Requirement ::
Once the line holding "vidaXL Bibliothèque à" is found in the listing below, write it out and each later line exactly, up to and including the one holding "China old natural".

Raw data ::

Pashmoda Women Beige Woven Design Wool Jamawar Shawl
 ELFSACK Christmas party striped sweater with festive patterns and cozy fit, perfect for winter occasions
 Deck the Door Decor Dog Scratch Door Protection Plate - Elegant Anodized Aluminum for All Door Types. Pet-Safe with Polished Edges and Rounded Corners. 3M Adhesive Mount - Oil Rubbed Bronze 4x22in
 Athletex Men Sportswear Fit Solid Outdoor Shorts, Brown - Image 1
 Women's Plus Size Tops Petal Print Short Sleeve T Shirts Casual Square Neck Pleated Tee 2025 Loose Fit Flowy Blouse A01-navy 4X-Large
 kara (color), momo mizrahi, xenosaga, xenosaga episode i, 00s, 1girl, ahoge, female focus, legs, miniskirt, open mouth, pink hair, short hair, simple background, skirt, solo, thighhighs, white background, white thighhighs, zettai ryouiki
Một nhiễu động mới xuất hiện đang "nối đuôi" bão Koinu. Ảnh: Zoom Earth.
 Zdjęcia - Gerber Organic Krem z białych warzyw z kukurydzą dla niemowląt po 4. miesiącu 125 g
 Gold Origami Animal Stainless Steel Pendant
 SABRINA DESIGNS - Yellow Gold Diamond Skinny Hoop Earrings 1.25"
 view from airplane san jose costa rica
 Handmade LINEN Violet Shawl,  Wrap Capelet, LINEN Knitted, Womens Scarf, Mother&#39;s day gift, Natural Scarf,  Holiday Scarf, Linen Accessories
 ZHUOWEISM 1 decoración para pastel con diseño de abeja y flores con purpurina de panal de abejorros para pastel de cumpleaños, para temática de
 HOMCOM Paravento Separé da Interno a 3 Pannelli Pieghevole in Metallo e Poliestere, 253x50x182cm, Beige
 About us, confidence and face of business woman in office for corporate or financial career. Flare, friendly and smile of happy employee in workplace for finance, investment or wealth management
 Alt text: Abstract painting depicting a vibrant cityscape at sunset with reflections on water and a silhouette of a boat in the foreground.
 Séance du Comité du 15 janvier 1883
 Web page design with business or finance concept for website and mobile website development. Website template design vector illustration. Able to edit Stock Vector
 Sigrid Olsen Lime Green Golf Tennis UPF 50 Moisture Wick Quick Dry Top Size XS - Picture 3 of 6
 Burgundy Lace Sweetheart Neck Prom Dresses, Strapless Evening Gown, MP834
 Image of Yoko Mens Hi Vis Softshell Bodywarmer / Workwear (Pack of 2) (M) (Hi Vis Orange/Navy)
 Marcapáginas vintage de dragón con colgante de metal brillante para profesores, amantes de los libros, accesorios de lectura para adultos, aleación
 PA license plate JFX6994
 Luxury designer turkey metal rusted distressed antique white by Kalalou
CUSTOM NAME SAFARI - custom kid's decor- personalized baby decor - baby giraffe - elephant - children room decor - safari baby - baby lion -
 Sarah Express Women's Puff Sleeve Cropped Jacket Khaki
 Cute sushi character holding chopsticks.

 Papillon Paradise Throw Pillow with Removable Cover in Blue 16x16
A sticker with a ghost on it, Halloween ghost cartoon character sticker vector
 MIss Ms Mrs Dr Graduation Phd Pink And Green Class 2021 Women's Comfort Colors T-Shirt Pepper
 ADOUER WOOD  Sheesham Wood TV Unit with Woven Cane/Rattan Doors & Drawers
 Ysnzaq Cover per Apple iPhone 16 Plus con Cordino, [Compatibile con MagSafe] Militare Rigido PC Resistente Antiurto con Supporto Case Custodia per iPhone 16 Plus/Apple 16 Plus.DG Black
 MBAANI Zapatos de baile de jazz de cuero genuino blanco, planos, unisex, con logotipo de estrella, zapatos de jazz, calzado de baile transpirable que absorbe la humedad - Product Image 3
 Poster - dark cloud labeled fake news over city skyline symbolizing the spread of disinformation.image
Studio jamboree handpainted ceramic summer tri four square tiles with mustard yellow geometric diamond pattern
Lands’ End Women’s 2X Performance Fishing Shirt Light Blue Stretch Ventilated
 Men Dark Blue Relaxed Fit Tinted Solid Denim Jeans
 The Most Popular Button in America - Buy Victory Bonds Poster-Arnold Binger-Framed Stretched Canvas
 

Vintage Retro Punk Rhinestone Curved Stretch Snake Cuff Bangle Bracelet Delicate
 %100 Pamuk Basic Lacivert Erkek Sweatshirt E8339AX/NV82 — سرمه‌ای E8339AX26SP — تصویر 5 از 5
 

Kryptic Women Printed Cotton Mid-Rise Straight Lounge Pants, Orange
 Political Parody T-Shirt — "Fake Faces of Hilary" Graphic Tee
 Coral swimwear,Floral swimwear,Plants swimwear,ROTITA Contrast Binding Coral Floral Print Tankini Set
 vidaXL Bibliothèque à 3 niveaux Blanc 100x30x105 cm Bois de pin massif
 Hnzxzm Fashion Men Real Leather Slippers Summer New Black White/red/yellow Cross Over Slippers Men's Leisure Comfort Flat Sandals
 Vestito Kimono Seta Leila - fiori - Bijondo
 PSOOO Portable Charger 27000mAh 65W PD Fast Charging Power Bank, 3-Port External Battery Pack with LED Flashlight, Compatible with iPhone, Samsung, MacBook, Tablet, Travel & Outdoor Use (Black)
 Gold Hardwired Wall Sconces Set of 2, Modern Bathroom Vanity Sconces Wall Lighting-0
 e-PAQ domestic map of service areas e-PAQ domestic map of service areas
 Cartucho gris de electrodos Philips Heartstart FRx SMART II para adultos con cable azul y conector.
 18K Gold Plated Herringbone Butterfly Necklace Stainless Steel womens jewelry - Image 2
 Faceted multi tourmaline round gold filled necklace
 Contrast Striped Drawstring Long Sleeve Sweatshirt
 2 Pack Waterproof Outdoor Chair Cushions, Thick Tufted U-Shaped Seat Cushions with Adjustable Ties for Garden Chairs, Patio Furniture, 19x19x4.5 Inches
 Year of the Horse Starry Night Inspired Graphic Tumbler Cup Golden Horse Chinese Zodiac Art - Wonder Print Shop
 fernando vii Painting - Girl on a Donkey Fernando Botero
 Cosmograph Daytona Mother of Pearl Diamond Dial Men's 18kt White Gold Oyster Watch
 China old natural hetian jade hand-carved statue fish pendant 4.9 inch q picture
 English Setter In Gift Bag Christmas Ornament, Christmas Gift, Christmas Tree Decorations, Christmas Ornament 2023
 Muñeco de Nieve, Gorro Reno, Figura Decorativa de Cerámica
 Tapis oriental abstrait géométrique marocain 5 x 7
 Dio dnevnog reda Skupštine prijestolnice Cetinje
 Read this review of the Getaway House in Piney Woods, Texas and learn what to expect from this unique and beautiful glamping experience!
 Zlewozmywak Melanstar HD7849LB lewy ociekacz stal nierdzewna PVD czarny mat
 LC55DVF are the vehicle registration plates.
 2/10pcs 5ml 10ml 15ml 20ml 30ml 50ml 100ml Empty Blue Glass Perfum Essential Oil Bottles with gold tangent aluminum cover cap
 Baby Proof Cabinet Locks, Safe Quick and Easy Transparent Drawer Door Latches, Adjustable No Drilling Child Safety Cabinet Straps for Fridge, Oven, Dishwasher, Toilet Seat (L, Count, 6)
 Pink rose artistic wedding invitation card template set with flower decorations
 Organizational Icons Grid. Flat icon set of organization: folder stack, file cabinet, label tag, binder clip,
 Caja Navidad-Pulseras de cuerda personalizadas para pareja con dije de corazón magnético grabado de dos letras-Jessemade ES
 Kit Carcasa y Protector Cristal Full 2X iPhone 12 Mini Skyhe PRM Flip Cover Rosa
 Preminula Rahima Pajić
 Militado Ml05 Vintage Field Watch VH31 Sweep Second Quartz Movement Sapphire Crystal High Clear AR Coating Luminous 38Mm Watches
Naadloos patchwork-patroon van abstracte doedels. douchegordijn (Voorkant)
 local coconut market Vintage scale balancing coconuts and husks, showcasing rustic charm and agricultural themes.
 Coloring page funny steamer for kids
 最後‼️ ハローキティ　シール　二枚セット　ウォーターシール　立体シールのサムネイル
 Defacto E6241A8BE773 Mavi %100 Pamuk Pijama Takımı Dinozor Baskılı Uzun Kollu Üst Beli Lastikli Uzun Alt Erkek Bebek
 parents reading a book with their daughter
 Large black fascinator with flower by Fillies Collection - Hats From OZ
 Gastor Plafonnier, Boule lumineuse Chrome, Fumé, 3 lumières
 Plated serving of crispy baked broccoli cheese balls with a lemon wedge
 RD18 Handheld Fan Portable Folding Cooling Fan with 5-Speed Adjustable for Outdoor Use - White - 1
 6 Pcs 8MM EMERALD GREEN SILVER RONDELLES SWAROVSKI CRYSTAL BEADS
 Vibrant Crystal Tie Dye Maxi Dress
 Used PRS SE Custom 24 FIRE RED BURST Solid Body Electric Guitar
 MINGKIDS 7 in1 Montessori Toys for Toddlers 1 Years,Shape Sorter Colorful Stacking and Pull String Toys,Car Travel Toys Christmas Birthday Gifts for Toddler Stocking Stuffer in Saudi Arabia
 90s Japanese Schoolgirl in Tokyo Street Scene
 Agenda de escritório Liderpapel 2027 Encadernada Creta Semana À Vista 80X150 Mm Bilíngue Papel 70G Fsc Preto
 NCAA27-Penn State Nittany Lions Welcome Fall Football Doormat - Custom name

Answer to this exercise ::
 vidaXL Bibliothèque à 3 niveaux Blanc 100x30x105 cm Bois de pin massif
 Hnzxzm Fashion Men Real Leather Slippers Summer New Black White/red/yellow Cross Over Slippers Men's Leisure Comfort Flat Sandals
 Vestito Kimono Seta Leila - fiori - Bijondo
 PSOOO Portable Charger 27000mAh 65W PD Fast Charging Power Bank, 3-Port External Battery Pack with LED Flashlight, Compatible with iPhone, Samsung, MacBook, Tablet, Travel & Outdoor Use (Black)
 Gold Hardwired Wall Sconces Set of 2, Modern Bathroom Vanity Sconces Wall Lighting-0
 e-PAQ domestic map of service areas e-PAQ domestic map of service areas
 Cartucho gris de electrodos Philips Heartstart FRx SMART II para adultos con cable azul y conector.
 18K Gold Plated Herringbone Butterfly Necklace Stainless Steel womens jewelry - Image 2
 Faceted multi tourmaline round gold filled necklace
 Contrast Striped Drawstring Long Sleeve Sweatshirt
 2 Pack Waterproof Outdoor Chair Cushions, Thick Tufted U-Shaped Seat Cushions with Adjustable Ties for Garden Chairs, Patio Furniture, 19x19x4.5 Inches
 Year of the Horse Starry Night Inspired Graphic Tumbler Cup Golden Horse Chinese Zodiac Art - Wonder Print Shop
 fernando vii Painting - Girl on a Donkey Fernando Botero
 Cosmograph Daytona Mother of Pearl Diamond Dial Men's 18kt White Gold Oyster Watch
 China old natural hetian jade hand-carved statue fish pendant 4.9 inch q picture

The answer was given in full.